BUENOS AIRES — Israel-based Dori Media Group plans to ramp up telenovela production in a drive to expand sales and enter new media.
It aims to put out 800-1,000 hours in 2008 and more than 1,000 the following year, up from a current 600-800 hours a year, says DMG prexy and CEO Nadiv Palti.
“This will help improve our ability to sell around the world,” he says.
DMG produces four to eight telenovelas a year in Argentina and Israel, where it works with local production outfits Cris Morena Group, Ideas del Sur and Pol-ka to help tap talent and secure airtime.
DMG is eyeing production opportunities in other territories to diversify its catalog but likely will produce in Buenos Aires.
“Argentina is cheap compared with other countries and there is a lot of know-how,” he says.
A favorable exchange rate of 3.15 pesos per dollar makes Argentina’s studios, talent and one-episode-per-day production models affordable.
The expansion comes as the company sees a surge in sales to the U.S., Mexico, France, Germany, Portugal and Russia, led by boxer romance “Sos mi vida” (You are the One), pop band skein “Rebelde Way” (The Rebels) and nanny tale “Floricienta” (Flinderella). Over the past year, the company sold 15 formats to France, Mexico and Portugal.
A new focus is on the U.S., where the company opened an office in Miami in September.

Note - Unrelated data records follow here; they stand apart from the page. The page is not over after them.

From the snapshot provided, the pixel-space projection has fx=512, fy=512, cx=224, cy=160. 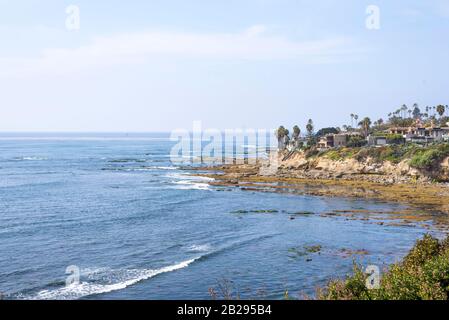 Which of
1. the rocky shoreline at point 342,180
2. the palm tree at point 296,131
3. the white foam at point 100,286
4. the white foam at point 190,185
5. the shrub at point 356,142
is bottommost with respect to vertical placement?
the white foam at point 100,286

Format sales are becoming a greater focus because they can fetch larger returns as they are bought for primetime, says Silvana D’Angelo, head of international sales and marketing at Dori Media Distribution Argentina. He adds that it is becoming harder to sell ready-to-roll telenovelas in markets like Asia because of the spread of telenovela production.
Late this year or in early 2008, DMG plans to launch a website for telenovelas that will provide a library of information on programs and talent plus the social networking capabilities of MySpace.
The company will generate revenue from sales of advertising and merchandise and, in two-to-three years, from video-on-demand, says Palti.
DMG also plans to open telenovela channels on pay TV nets in Austria, Germany and Switzerland, adding to the two already in Israel and another pair in Indonesia, he says. It supplies the feevees from its 4,000-hour library.